+++ Data segment +++
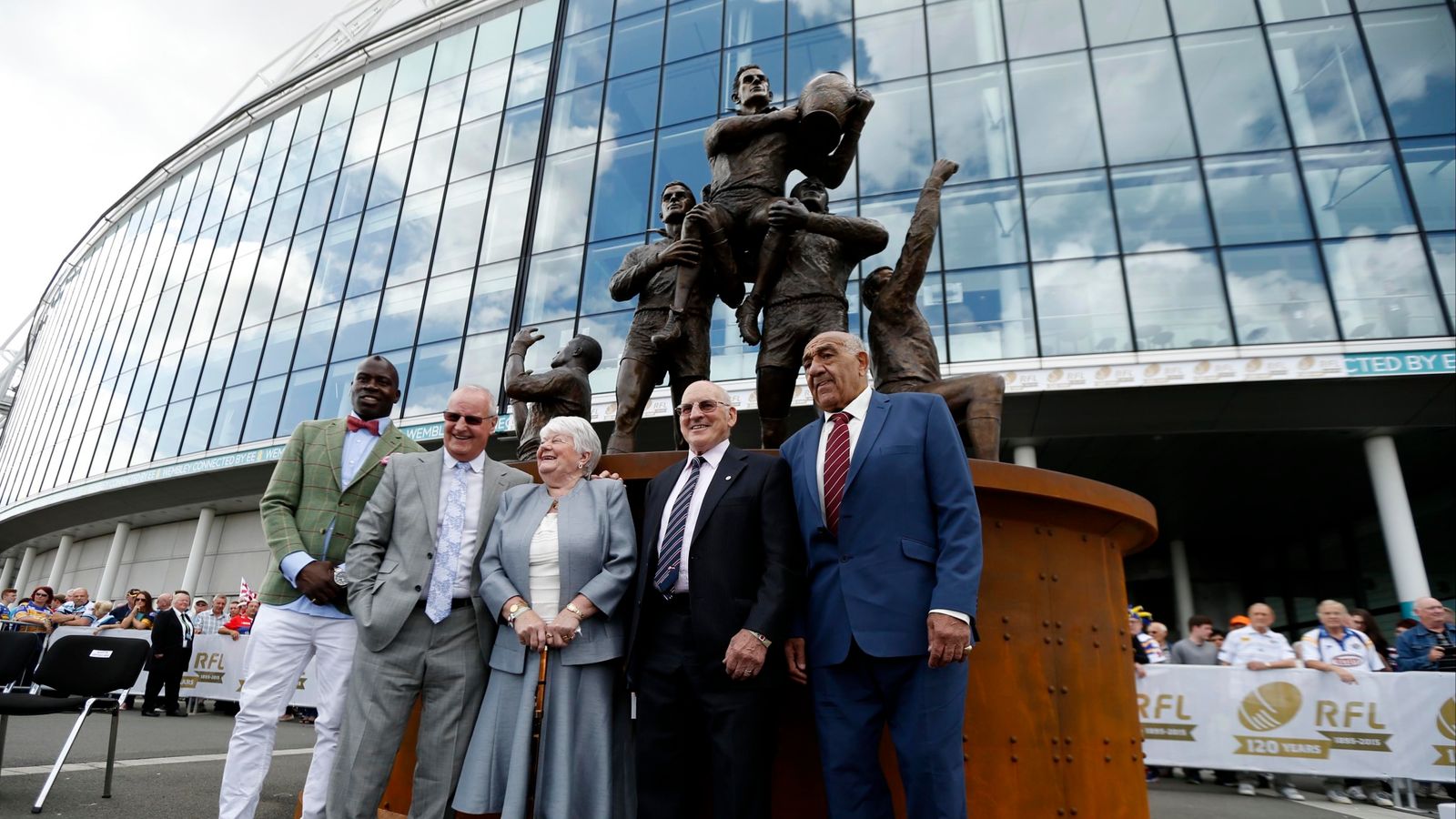 Rugby League legends immortalised in Wembley statue | Rugby League News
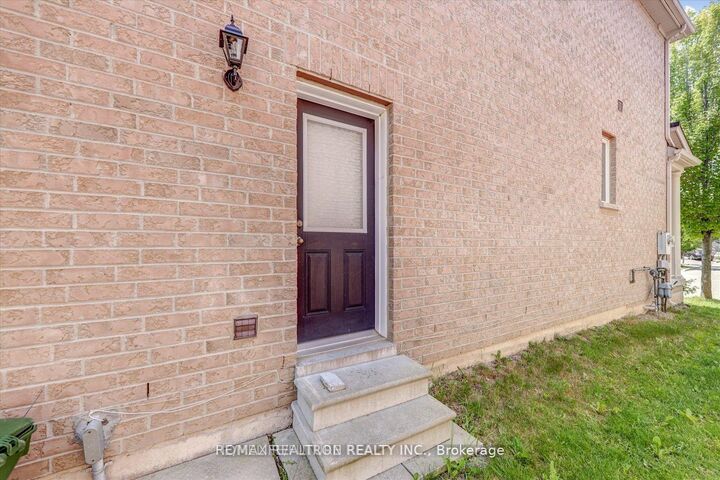 Property Photo:  Basement -65 Kincaid Lane  ON L3S 0B9 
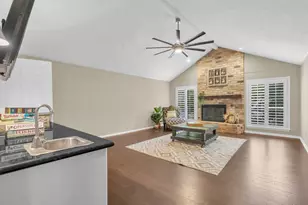 6514 Larkmount Dr, Spring, TX 77389 - Photo 17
+++
■ Problem
Without any pictures, transcribe the listing above exactly as written.

■ Response to the exercise
 Rugby League legends immortalised in Wembley statue | Rugby League News
 Property Photo:  Basement -65 Kincaid Lane  ON L3S 0B9 
 6514 Larkmount Dr, Spring, TX 77389 - Photo 17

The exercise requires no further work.